As education is becoming increasingly focused on teaching students STEM skills, we must remember that literacy skills are just as important. While science and math have traditionally separated from literature and humanities courses, today’s literature teachers are looking for ways to engage their students using STEM.

Some people may balk at the idea of STEM activities in an English class, but as you will see, it is easier than ever before to combine STEM and Literature to bring characters and stories to life.

Read STEM Books

There has been a shift in literature trends in the classroom. As technology and the internet have become prevalent in the lives of students, it is more important than ever before to teach students how to read and understand informational texts. The heavy influence of the world wide web is why today’s curriculum places a heavy emphasis on teaching nonfiction and informational texts.

Fortunately, there are plenty of exceptional STEM books that students can read. These books are designed to teach important literacy skills (vocabulary, critical thinking, logic), as well as STEM concepts. Teachers can allow literature to answer students’ STEM questions. For example, if students are interested in cars, they can visit the library to find multiple books on the topic. But, teachers, can extend the learning by having students read biographies about famous inventors or innovators.

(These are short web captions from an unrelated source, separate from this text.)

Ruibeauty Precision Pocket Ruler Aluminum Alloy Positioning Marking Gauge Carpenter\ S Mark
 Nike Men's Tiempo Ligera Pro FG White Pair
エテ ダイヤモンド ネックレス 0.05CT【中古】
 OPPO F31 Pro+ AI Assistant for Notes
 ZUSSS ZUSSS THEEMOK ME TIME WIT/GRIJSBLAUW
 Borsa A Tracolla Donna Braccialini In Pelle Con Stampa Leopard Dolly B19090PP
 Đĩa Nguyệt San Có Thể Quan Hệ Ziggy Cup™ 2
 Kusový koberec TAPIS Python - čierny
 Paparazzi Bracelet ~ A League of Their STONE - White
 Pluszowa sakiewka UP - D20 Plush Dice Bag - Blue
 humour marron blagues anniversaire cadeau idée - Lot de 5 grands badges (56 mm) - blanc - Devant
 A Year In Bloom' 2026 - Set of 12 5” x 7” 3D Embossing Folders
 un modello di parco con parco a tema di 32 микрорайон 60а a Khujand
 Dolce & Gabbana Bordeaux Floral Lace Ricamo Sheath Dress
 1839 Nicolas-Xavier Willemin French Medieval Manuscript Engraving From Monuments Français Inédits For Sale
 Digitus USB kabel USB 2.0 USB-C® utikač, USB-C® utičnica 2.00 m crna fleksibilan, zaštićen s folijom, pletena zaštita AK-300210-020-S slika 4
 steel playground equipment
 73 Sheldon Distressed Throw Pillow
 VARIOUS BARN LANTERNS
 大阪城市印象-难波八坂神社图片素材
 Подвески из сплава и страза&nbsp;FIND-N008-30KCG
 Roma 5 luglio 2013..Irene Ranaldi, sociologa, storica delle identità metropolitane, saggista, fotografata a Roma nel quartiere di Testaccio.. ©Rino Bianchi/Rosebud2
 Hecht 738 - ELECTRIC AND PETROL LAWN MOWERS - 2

Additionally, there are books designed to support each STEM sub-category (science, technology, engineering, and math). You can see the National Science Teacher’s Association of outstanding science trade books for K-12 students to help you build your classroom library.

Complete STEM Activities

Furthermore, experiments do not belong just in the science classroom. When reading literature, teachers can bring characters and settings to life by experimenting in the classroom using STEM ideas. Instead of just reading the text and asking questions, teachers can have students use STEM skills to build models of characters or complete building challenges.

For example, elementary teachers are finding ways to teach STEM skills while reading fairy tales such as having students using various supplies to build the houses of the three little pigs. High school students are taking it further by using circuits and computer programming to bring literature to life. Instead of being words on a page, the characters, the plots, and settings become their own creations. Teachers can also embrace STEM by allowing students can use computer tools to storyboards or comic books rather than traditional book reports.

Finally, with the wide variety of digital tools available, it is easy to combine the study of literature and STEM. As students learn that the different subjects complement each other, they are also learning different ways to think.